At-risk students: the percentage of at-risk students (at or below Proficiency Level I) is high in all German federal states, also in relation to the OECD average.

Pleasure reading: an average of 42 percent of German high school students reported that they do not read for pleasure. This number was very high in international comparison; the “Land of Poets and Philosophers” is thus the sad frontrunner when it comes to not reading for pleasure. Students who are not motivated to read have a harder time acquiring competence than their book-loving peers.

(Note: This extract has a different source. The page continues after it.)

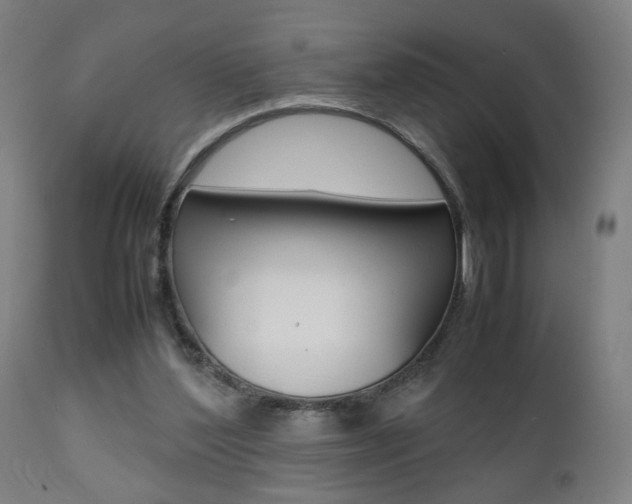 X0000112090204200908041056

Effects of social background: the relationship between social background and competence acquisition is particularly pronounced in Germany. In none of the other thirty-two PISA countries was the difference in reading skills between adolescents from higher and lower social strata (children from educationally disadvantaged families or those with immigrant backgrounds) as great as in Germany. “Other countries succeed far better – despite similar population structures – in limiting the influence of social background and in reaching a higher overall proficiency level.”

A lack of successful integration: in all federal states with a relatively high percentage of foreign nationals – that is, the old federal states – performance by non-German students was considerably lower, especially in reading, but also in mathematics and the natural sciences.

School attendance of children from immigrant families: this poses an additional problem. Although more than 70 percent of schoolchildren whose parents were not born in Germany have attended educational institutions in Germany from nursery school on, it has been shown that their distribution among the different kinds of schools is clearly worse than that of their classmates whose parents were born in Germany. A high degree of urbanization inevitably leads to a proliferation of social problems in poor areas with weak infrastructures, so that local schools, which can only offer students limited options for social integration and individual support, face great burdens or are even overwhelmed at times. Therefore, schools in socially disadvantaged areas should have more teachers in order to be able to implement the necessary support programs.

Competency in mathematics and the natural sciences: in international comparison, the competency of German schoolchildren in mathematics and the natural sciences is below average. According to the PISA report, almost 25 percent of fifteen-year-olds fall into the at-risk group, meaning that their mathematical skills are not always sufficient for them to successfully complete vocational training. Reading competency was shown to be one foundation for mathematical competency.

Inadequate support: Germany also includes relatively large groups of high-achieving secondary-school students, also in those federal states that scored below average. The PISA consortium concludes from this that, unlike other countries, Germany does not do enough to either support weak students or challenge particularly gifted ones.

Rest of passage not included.